The chief scientist of the Space Department at the Applied Physics Laboratory, Cheng jokes he should be retired by now. He well remembers the year he moved to Baltimore (he currently lives in Potomac) to take a job at JHU’s Applied Physics Lab because it’s the same year the Orioles last won a World Series—1983. Instead, the 66-year-old grandfather is the co-lead investigator on the first-ever mission, nicknamed DART (Double Asteroid Redirection Test), to demonstrate an asteroid deflection in real time, in real space, for planetary defense purposes.
“I’m just having too much fun to quit.”
Given the way the threat of asteroids has permeated pop culture, namely end-of-the-world movies such as Deep Impact and Armageddon, it’s easy to forget that the study of asteroids is really new science.

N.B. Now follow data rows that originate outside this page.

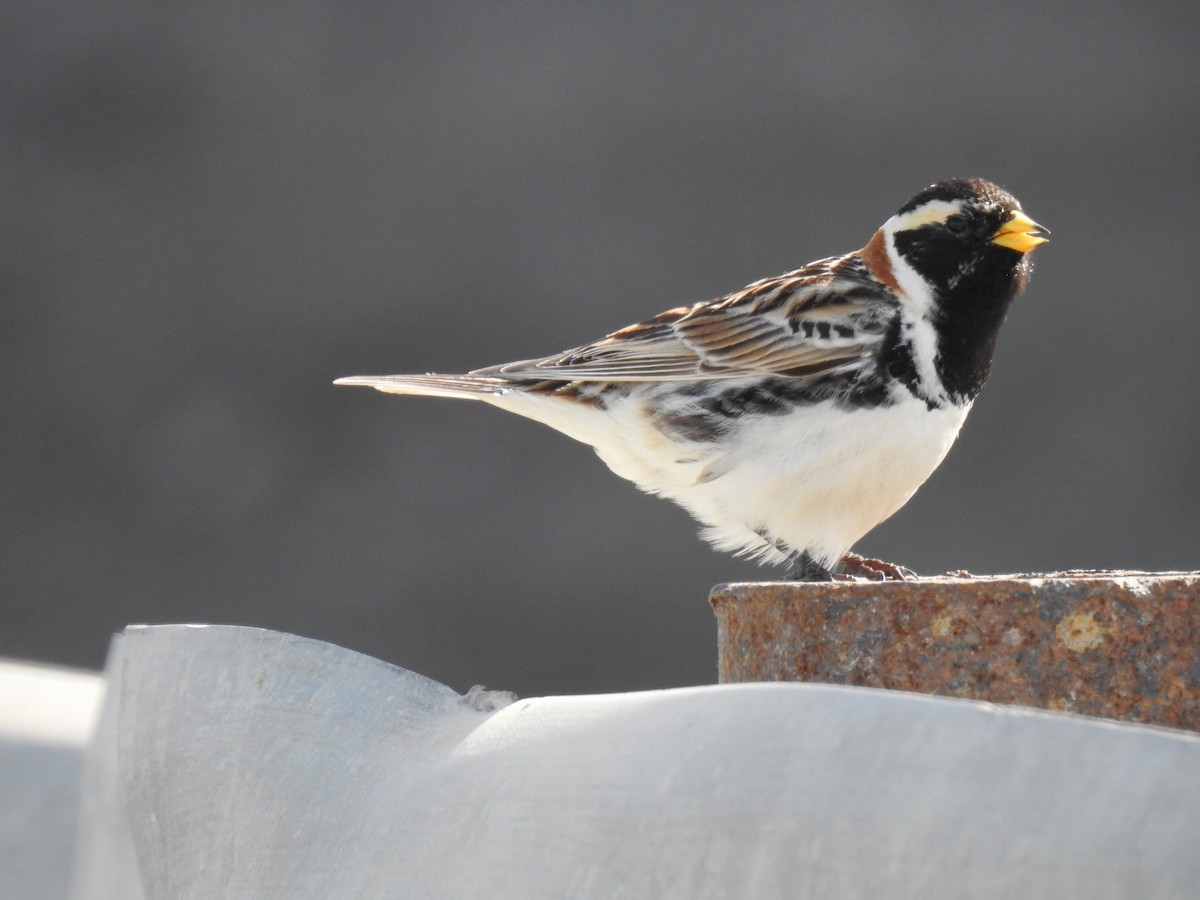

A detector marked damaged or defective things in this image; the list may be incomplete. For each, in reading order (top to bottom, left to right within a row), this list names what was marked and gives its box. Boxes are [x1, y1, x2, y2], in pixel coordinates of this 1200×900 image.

corroded metal edge [710, 573, 1200, 734]
rusty metal surface [710, 578, 1200, 734]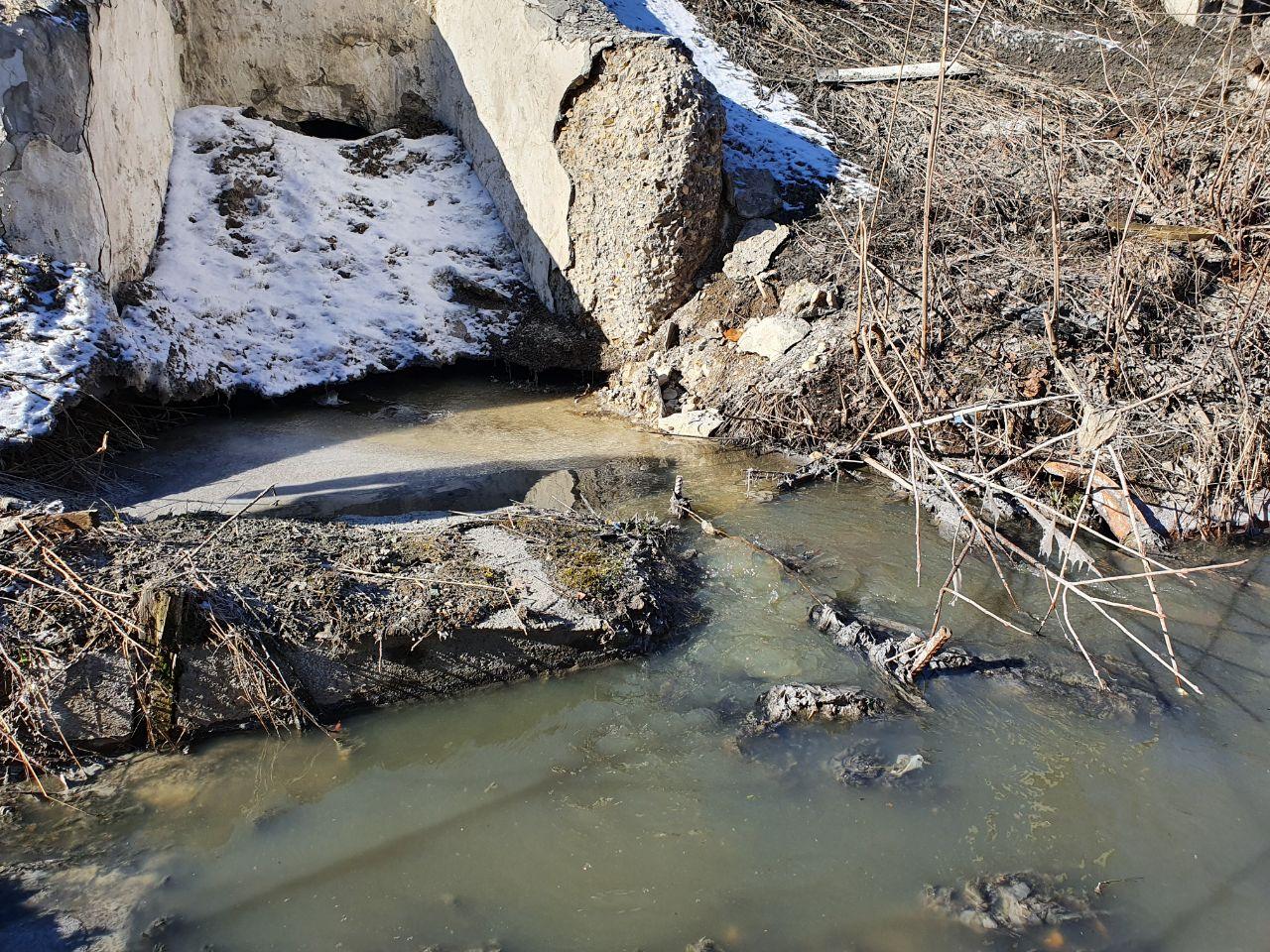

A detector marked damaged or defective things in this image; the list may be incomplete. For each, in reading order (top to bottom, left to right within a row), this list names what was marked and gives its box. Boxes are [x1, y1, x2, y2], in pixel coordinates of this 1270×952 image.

broken concrete slab [722, 220, 786, 282]
broken concrete slab [734, 313, 814, 359]
broken concrete slab [655, 409, 722, 438]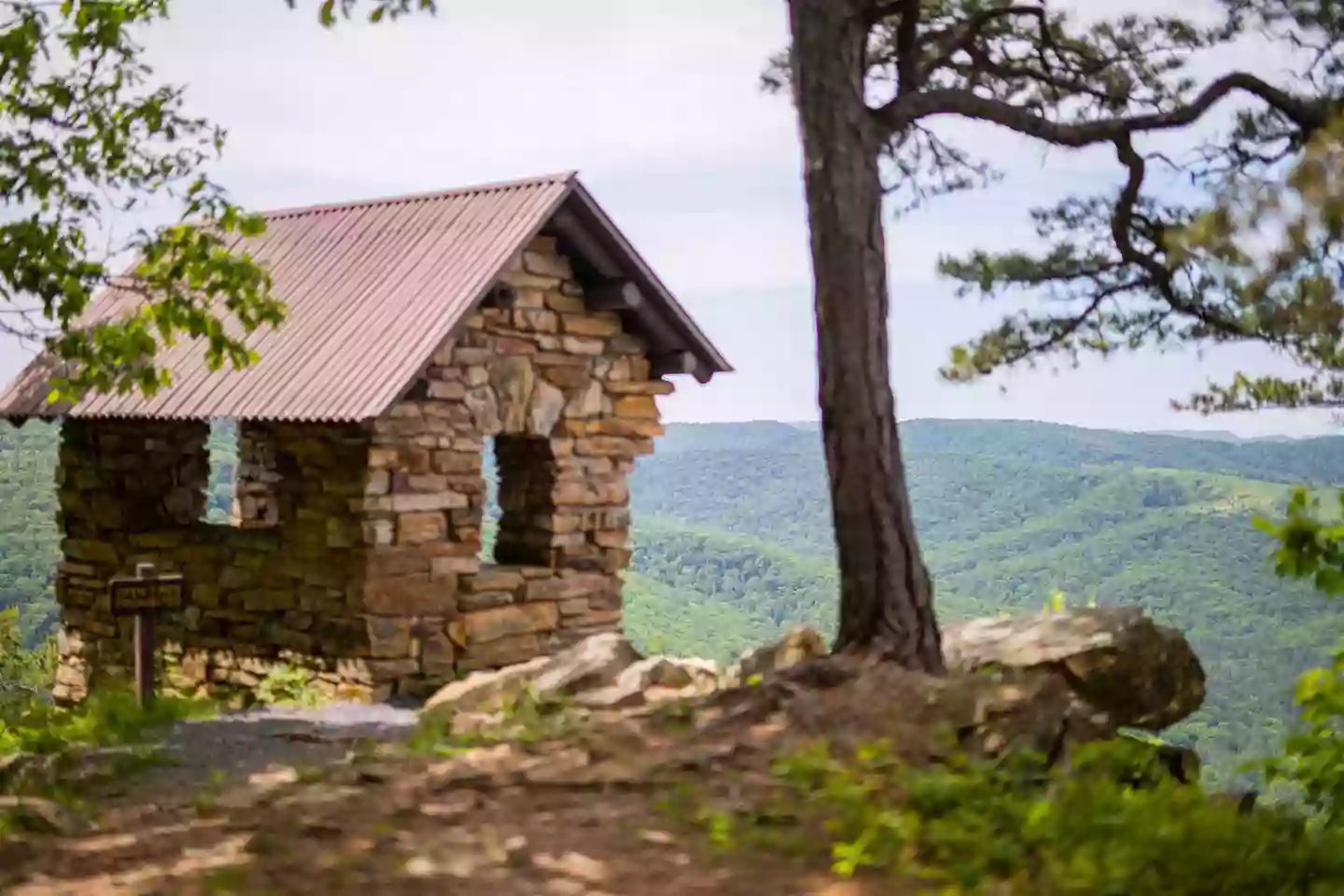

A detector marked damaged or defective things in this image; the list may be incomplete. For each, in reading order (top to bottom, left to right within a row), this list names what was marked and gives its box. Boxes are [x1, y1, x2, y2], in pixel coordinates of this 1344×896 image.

rusty metal roof panel [0, 172, 731, 424]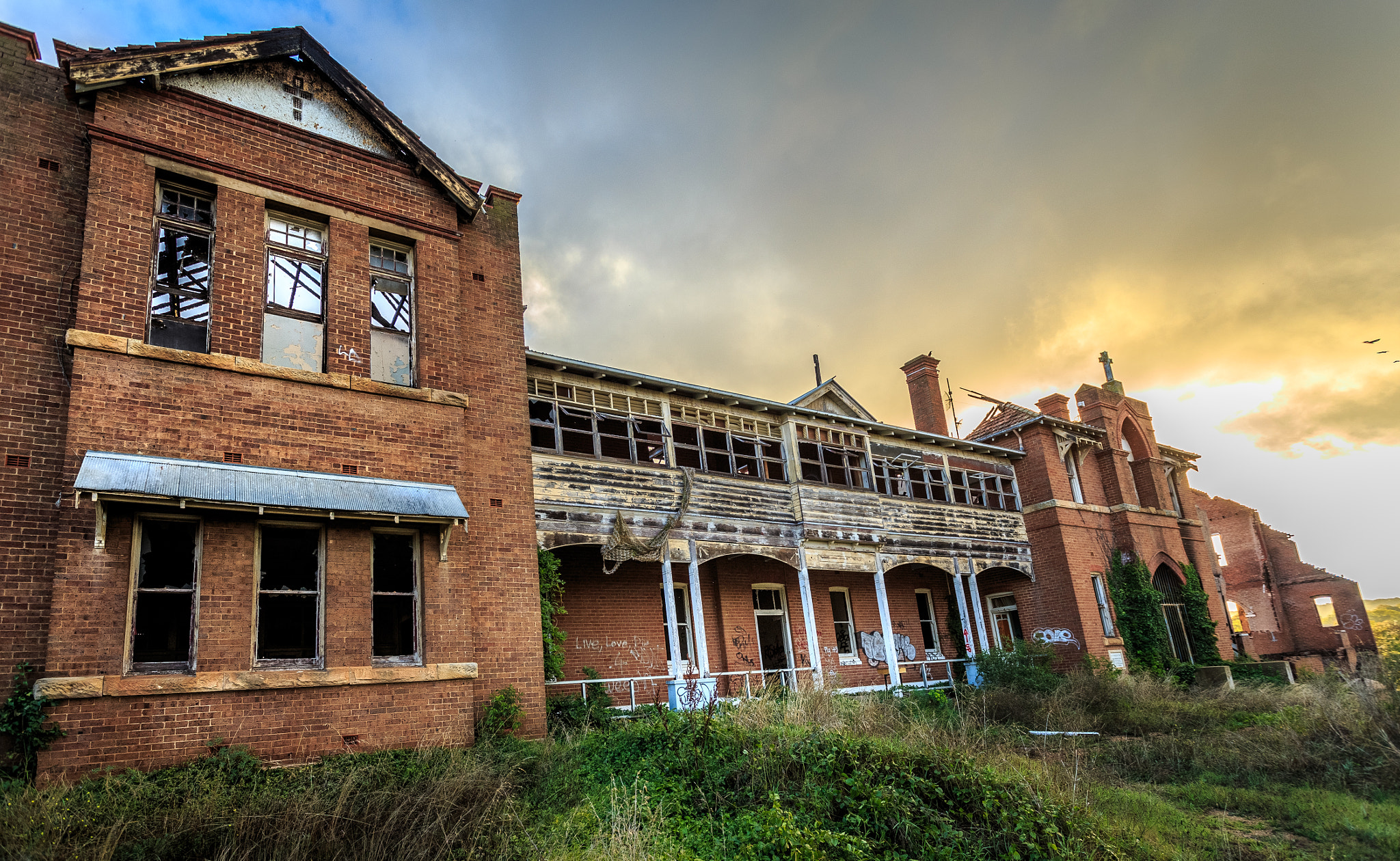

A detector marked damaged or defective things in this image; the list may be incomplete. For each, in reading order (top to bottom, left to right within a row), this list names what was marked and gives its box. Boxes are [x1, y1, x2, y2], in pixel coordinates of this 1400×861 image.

broken window [149, 182, 214, 354]
broken window [263, 214, 327, 372]
broken window [369, 241, 412, 386]
broken window [532, 397, 669, 465]
broken window [669, 425, 783, 484]
broken window [873, 462, 952, 501]
broken window [952, 470, 1019, 512]
broken window [1064, 453, 1086, 501]
broken window [1209, 534, 1232, 568]
broken window [130, 518, 200, 674]
broken window pane [131, 515, 200, 669]
broken window pane [257, 526, 320, 666]
broken window [257, 521, 322, 669]
broken window [372, 529, 414, 664]
broken window pane [372, 532, 414, 661]
broken window [829, 590, 851, 664]
broken window [907, 590, 941, 657]
broken window [991, 596, 1025, 649]
broken window [1092, 577, 1114, 636]
broken window [1232, 599, 1254, 633]
broken window [1310, 596, 1332, 629]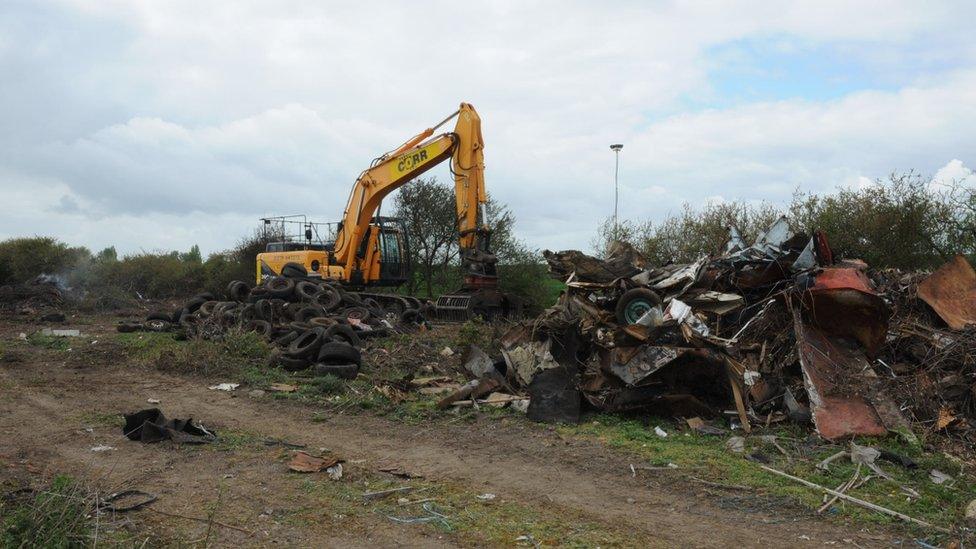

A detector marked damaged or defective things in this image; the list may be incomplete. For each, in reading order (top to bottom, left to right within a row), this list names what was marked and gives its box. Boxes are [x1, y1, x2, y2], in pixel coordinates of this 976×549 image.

rusty metal sheet [916, 254, 976, 330]
rusty metal sheet [796, 314, 888, 438]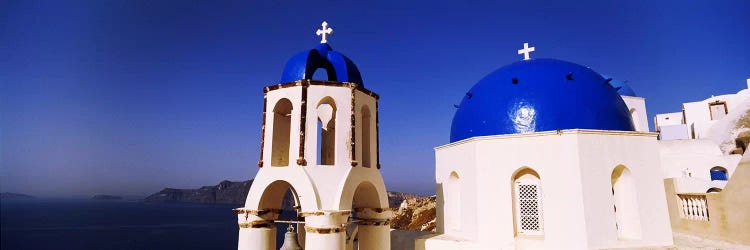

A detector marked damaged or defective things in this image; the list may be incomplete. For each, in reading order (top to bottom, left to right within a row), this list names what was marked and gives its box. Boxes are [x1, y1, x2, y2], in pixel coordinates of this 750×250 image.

rusted metal trim [266, 79, 382, 100]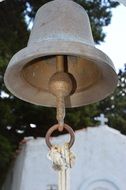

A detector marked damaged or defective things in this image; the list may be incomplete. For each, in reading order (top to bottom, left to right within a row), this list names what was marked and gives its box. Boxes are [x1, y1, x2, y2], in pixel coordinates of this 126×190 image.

rust stain on bell [4, 0, 118, 107]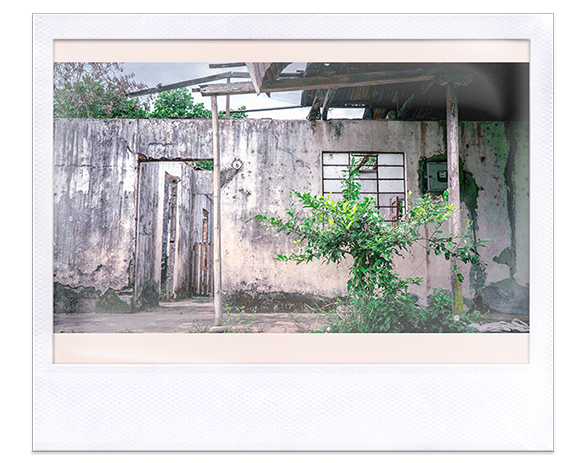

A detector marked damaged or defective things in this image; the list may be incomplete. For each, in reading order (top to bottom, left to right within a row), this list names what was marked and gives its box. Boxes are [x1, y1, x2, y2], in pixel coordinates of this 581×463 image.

broken ceiling beam [125, 70, 248, 96]
broken ceiling beam [198, 70, 436, 96]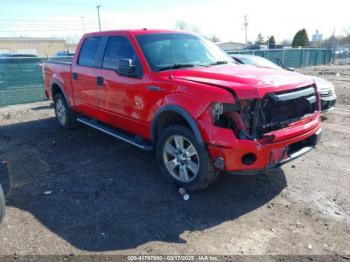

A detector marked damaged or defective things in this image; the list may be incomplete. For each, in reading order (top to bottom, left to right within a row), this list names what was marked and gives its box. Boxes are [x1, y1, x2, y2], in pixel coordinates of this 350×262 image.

crumpled hood [171, 64, 316, 99]
front end damage [200, 84, 322, 174]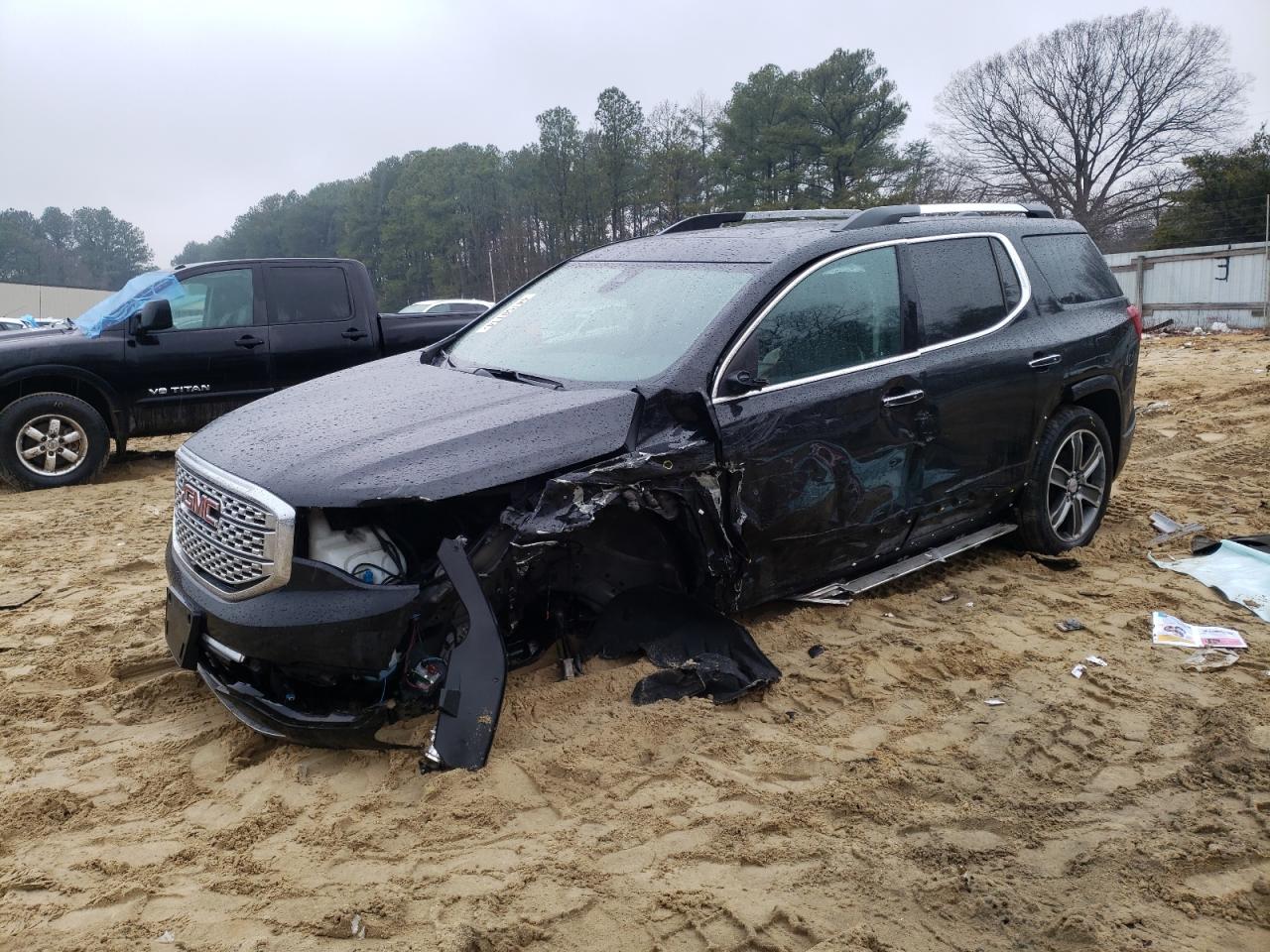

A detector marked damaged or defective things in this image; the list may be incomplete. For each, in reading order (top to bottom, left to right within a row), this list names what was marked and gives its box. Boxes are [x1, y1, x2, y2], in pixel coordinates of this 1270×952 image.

damaged black suv [166, 205, 1143, 772]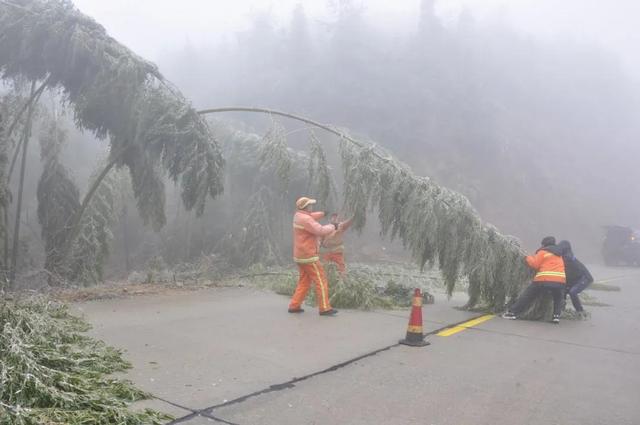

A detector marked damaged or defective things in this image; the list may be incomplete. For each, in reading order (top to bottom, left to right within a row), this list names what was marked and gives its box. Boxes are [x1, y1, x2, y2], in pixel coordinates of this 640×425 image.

crack in road [161, 314, 484, 422]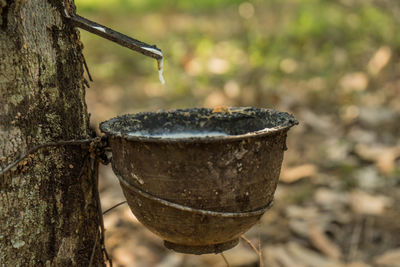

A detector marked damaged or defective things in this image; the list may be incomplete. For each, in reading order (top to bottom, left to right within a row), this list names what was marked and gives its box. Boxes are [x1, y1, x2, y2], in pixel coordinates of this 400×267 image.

rusty metal bowl [101, 107, 296, 255]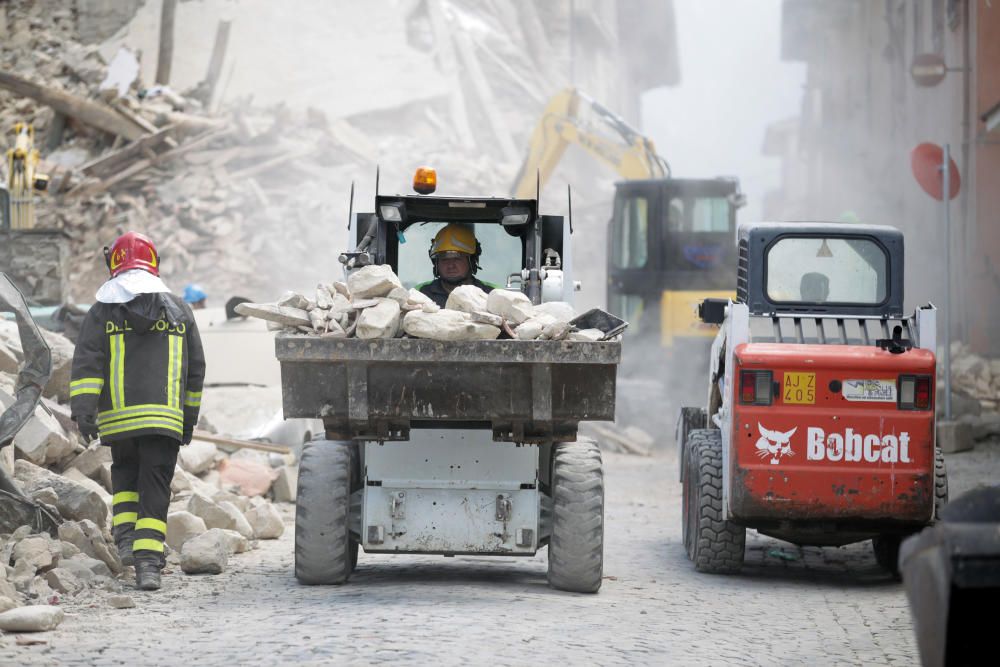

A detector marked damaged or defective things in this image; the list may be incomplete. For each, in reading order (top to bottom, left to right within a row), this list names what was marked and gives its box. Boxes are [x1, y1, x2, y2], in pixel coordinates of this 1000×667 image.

broken concrete slab [348, 264, 402, 298]
broken concrete slab [356, 298, 402, 340]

We put a man on the moon a decade before the first scientists theorized a giant asteroid had caused the mysterious extinction of the dinosaurs (not to mention three-quarters of all living species) 66 million years ago. That asteroid, with a diameter half the length of Manhattan, dented the Yucatan Peninsula with such force that it’s estimated 330-foot waves crested the shores of what are now Texas and Florida. More significantly, it ignited such an explosion on impact that the ensuing billow of dust, sulfur, and carbon dioxide blocked out the sun’s rays for years, driving down global temperatures and setting off a chain reaction of ecosystem catastrophes.
Closer to home, it wasn’t until 1983 that scientists discovered the first hint of the 53-mile impact crater buried beneath the Chesapeake Bay—left by the crash of an asteroid more than a mile in diameter.
“You know the saying: ‘The dinosaurs became extinct because they didn’t have a space program,’” says NASA’s Tom Statler, quoting science fiction author Larry Niven and only half-kidding. “Only in hindsight does it seem obvious that all these [previously believed volcanic] craters were the result of asteroids crashing into planets.” All told, Statler adds, about 100 tons of extraterrestrial matter falls onto the Earth every day, mostly in the form of harmless dust, but also the occasional small meteorite.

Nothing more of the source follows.